In February, the Diabetic Retinopathy Clinical Research Network released data detailing the results of the 2-year endpoint of the group’s Protocol T trial, the first head-to-head-to-head evaluation of three anti-VEGF agents for treatment of diabetic macular edema (DME).1 The 1-year study data, released in February 2015, showed that 2.0 mg aflibercept (Eylea, Regeneron), 1.25 mg bevacizumab (Avastin, Genentech), and 0.3 mg ranibizumab (Lucentis, Genentech) provided impressive visual improvements for DME patients, and that, among patients with starting baseline visual acuity of 20/50 or worse as measured on an ETDRS chart, those treated with aflibercept showed significantly better visual acuity gains at 1 year compared with patients treated with bevacizumab or ranibizumab.2
But year 1 was only half of the story. Would the superiority of aflibercept in worse-seeing eyes be seen after 2 years of data, or would one of the other anti-VEGF agents be as effective? Would any of the treatment arms see a decline in visual acuity gains? Would safety signals crop up at the 2-year time point?
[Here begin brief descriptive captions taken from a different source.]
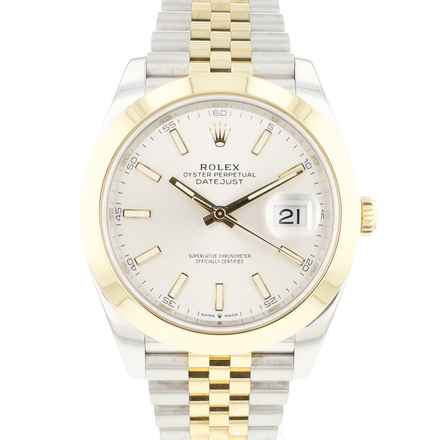  Rolex Datejust 41 Gold Steel Jubilee SIlver Dial </h1> 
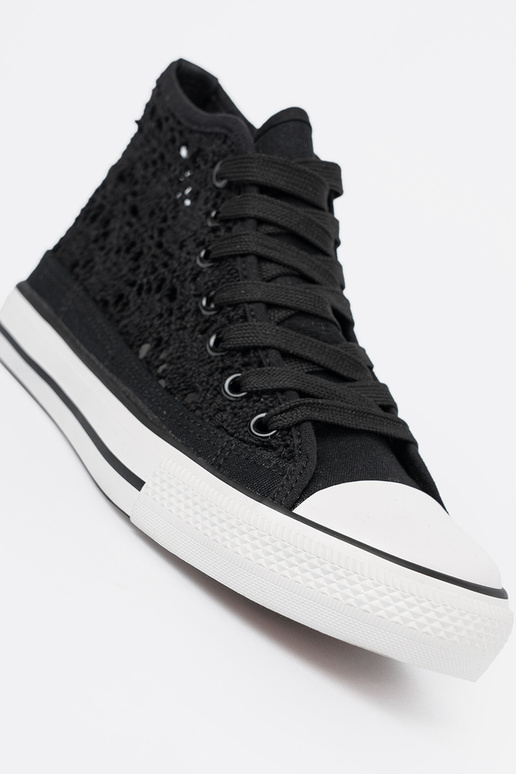 Bottes hautes noires avec détails...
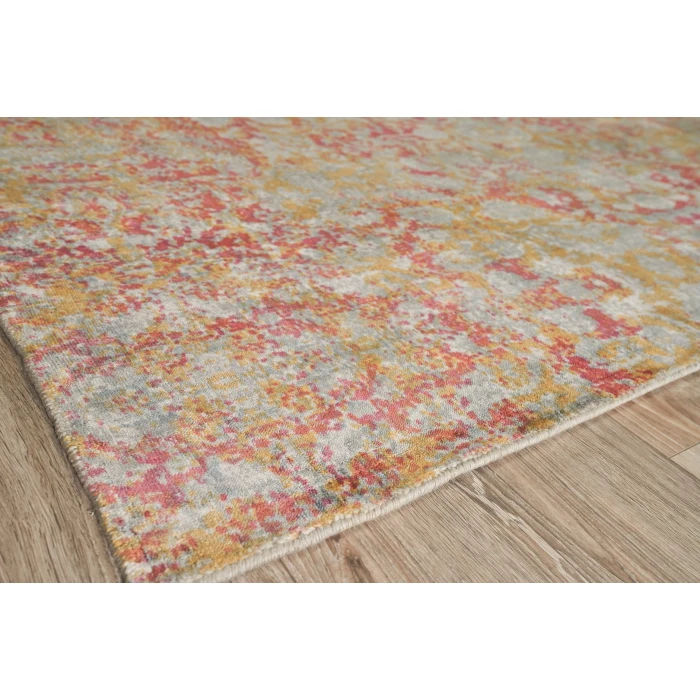 Exquisite Rugs Antolini Gray/Rust/Gold 39421X16 1ft.X1ft.6in. Rect. Rug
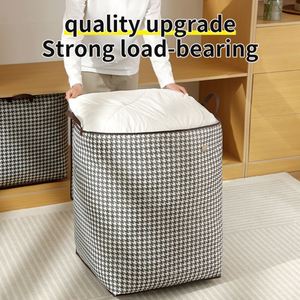 Organisateur de vêtements pliable pour la maison, sac de rangement grande capacité en tissu non tissé pour vêtements, sacs de rangement sous le lit - Product Image 6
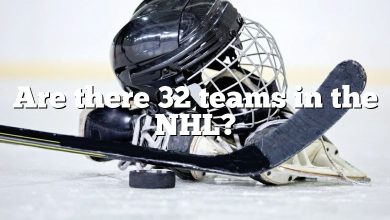 Are there 32 teams in the NHL?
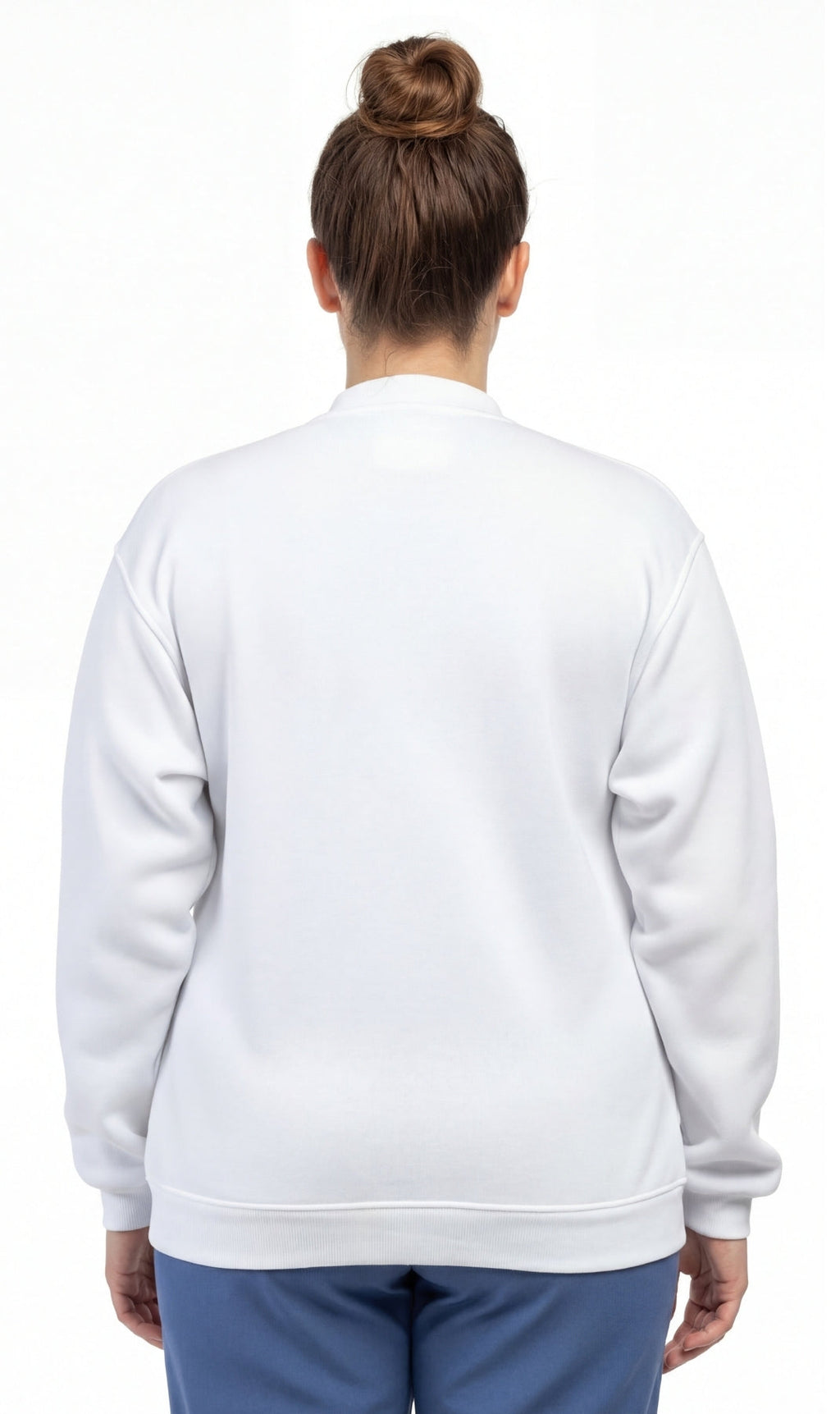 Women's Snap Up Jacket with Stand Collar and Patch Pockets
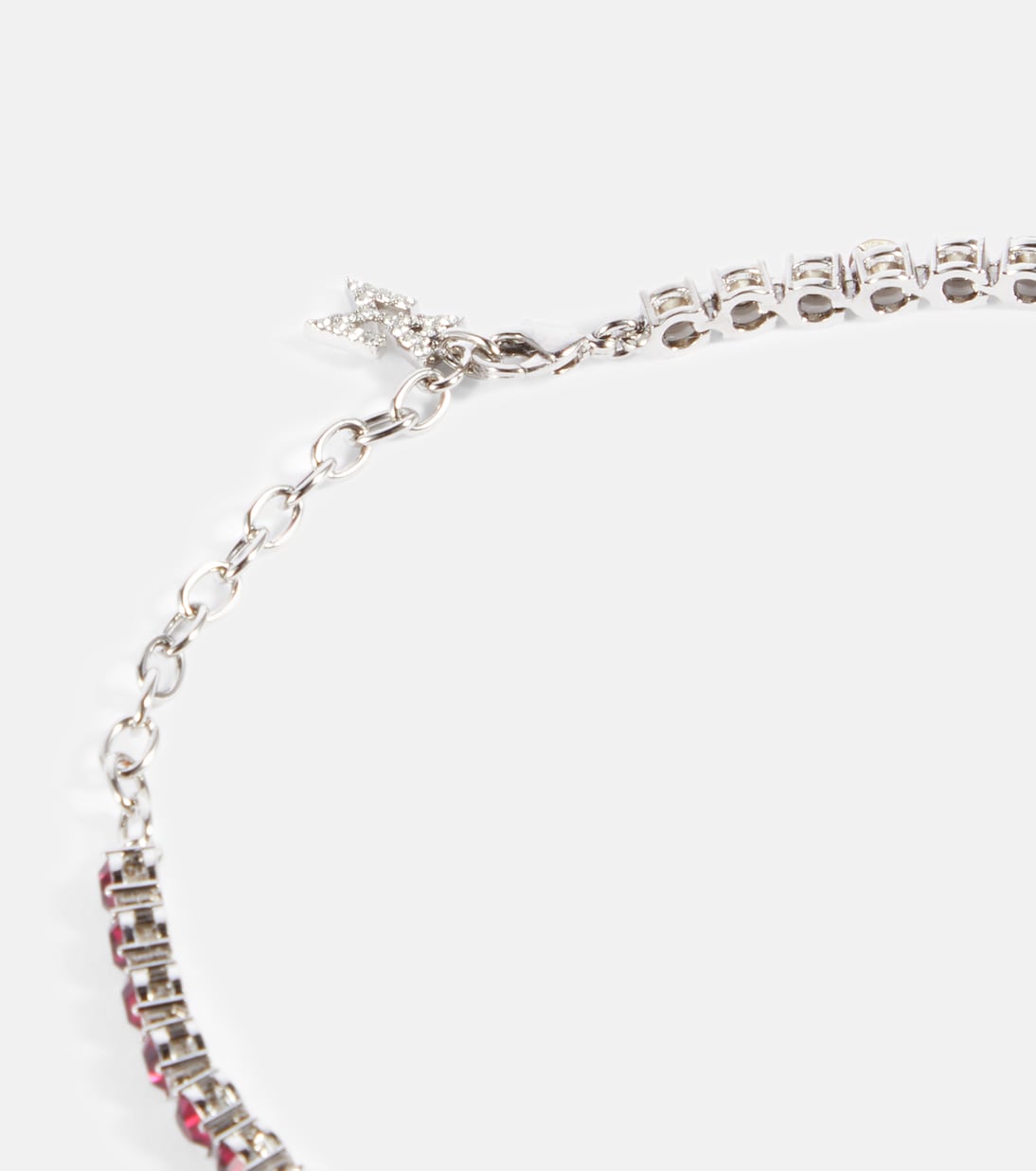 Fußkettchen Tennis mit Kristallen | Amina Muaddi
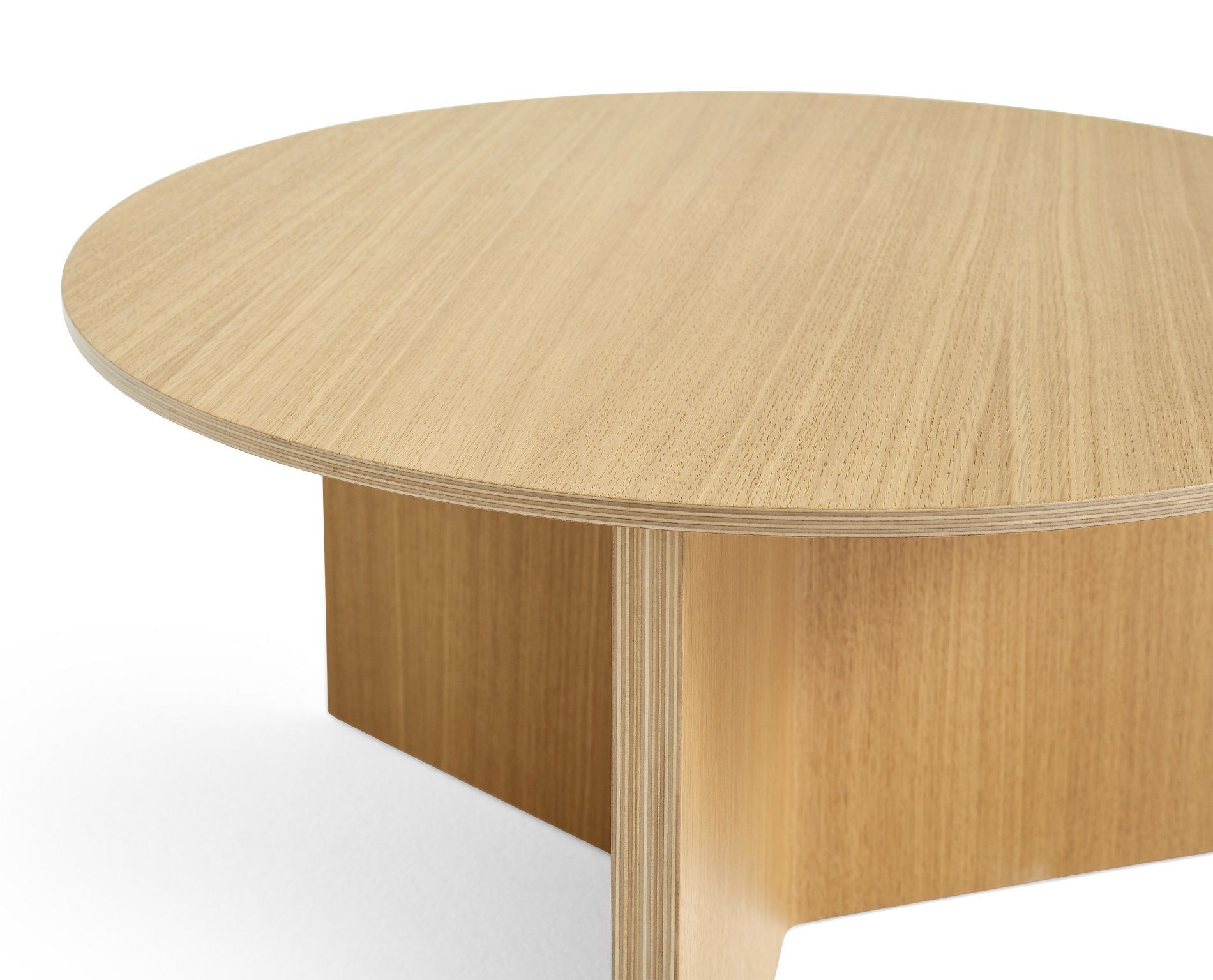 Slit Table Wood Round XL side table / coffee table Hay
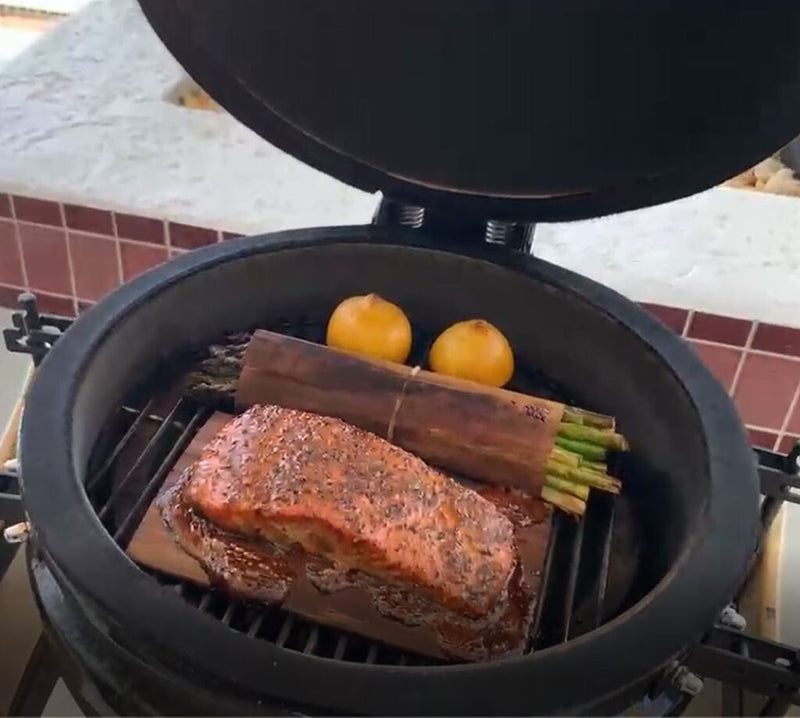 Lifesmart Kamado Charcoal Grill and Smoker, 133 sq. in.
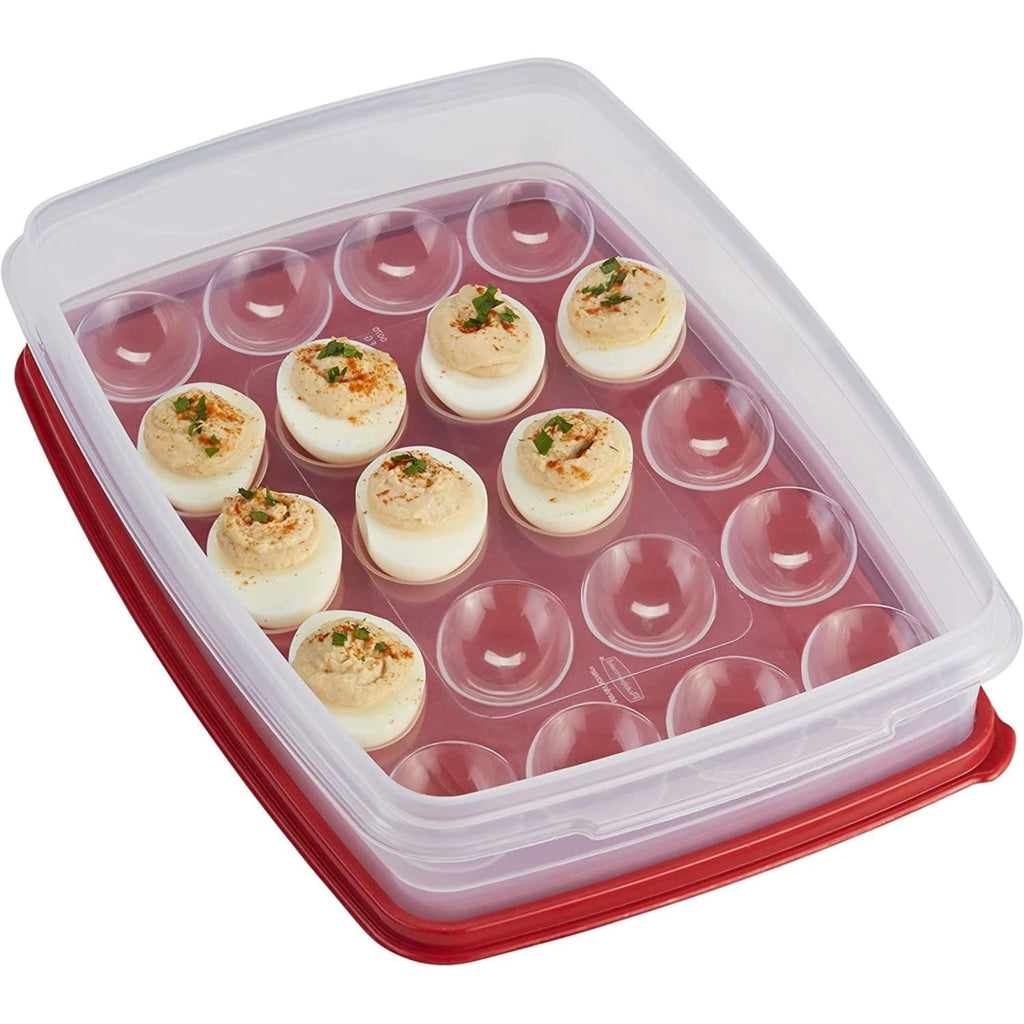 Sweet Treat Shaped Egg Keeper Food Storage Container, Clear/Red, 1 Count - Deliciously Soft Cupcake Sensory Glob Detail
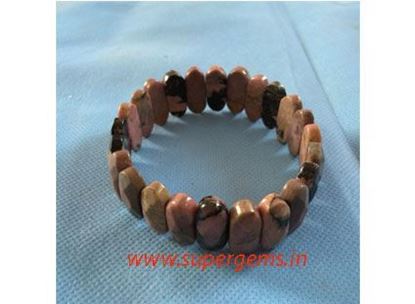 Picture of rhodonite diomond cut bracelet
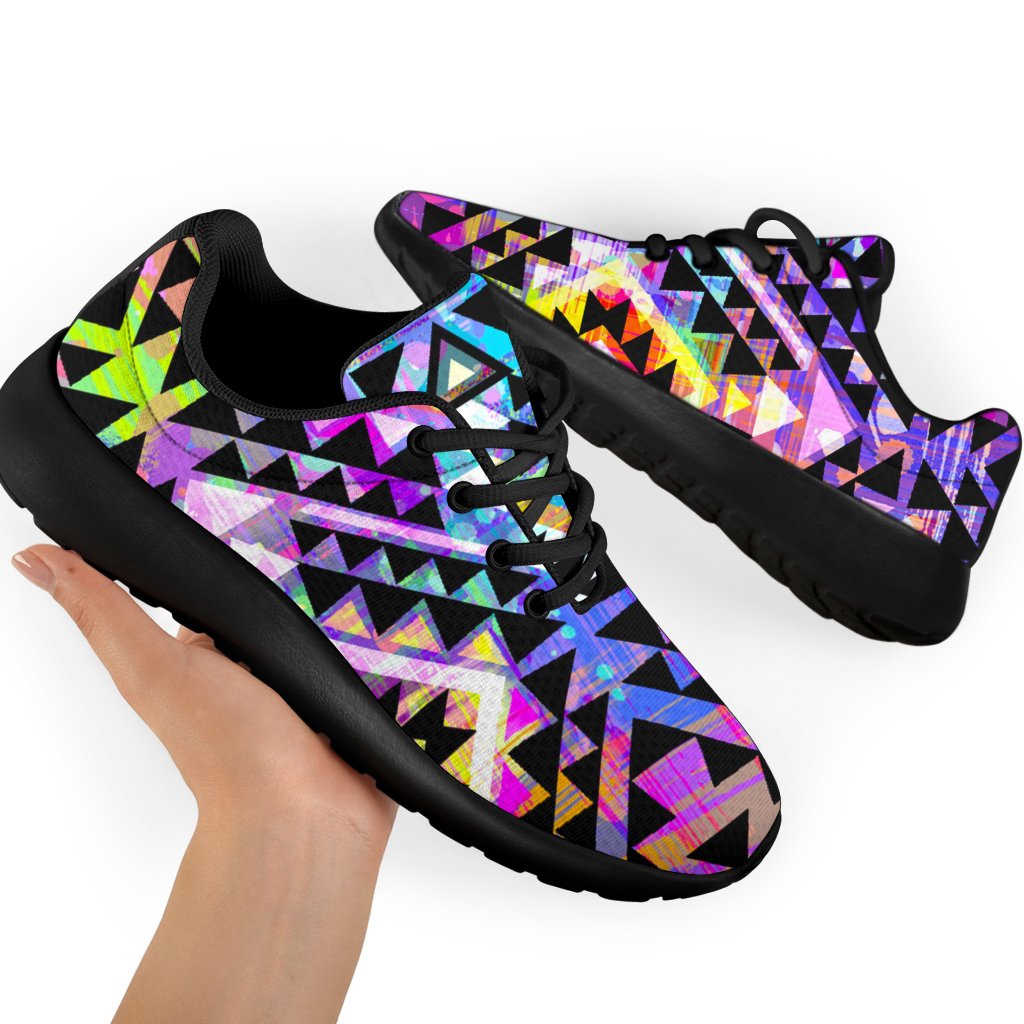 Colorful Aztec Pattern Print Sport Shoes GearFrost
Retina Today and EyewireTV sat down with a number of retina specialists to hear their interpretation of the 2-year Protocol T data.
STUDY DESIGN AND DATA OUTLINE
In Protocol T, researchers randomly assigned 660 patients with DME to treatment with 2.0 mg aflibercept, 1.25 mg compounded bevacizumab, or 0.3 mg ranibizumab. Participants received laser therapy if DME persisted beyond 6 months. During year 1 of the study, patient visits occurred every 4 weeks, and the interval was extended up to every 4 months thereafter if visual acuity and macular thickness were stable.
In patients with baseline visual acuity of 20/50 or worse, aflibercept treatment at first showed superior visual acuity improvement compared with bevacizumab, but the superiority of aflibercept over ranibizumab noted at the 1-year time point of the study was no longer seen at the 2-year time point; no difference in visual acuity result was observed between the ranibizumab and bevacizumab treatment arms for patients with baseline visual acuity of 20/50 or worse. In patients with baseline visual acuity of 20/32 to 20/40, all three anti-VEGF agents resulted in similar visual acuity outcomes.
Overall, 2-year mean visual acuity letter score improved by 12.8 letters in the aflibercept arm, 10.0 letters in the bevacizumab arm, and 12.3 letters in the ranibizumab arm (Table 1). In patients with baseline visual acuity of 20/32 to 20/40, mean improvement at 2 years was 7.8 letters in the aflibercept group, 6.8 letters in the bevacizumab group, and 8.6 letters in the ranibizumab group (P > .10 for pairwise comparisons). In patients with baseline visual acuity of 20/50 to 20/320, mean improvement at 2 years was 18.3 letters in the aflibercept arm, 13.3 letters in the bevacizumab arm, and 16.1 letters in the ranibizumab arm (aflibercept vs. bevacizumab, P = .02; aflibercept vs. ranibizumab, P = .18; ranibizumab vs. bevacizumab, P = .18).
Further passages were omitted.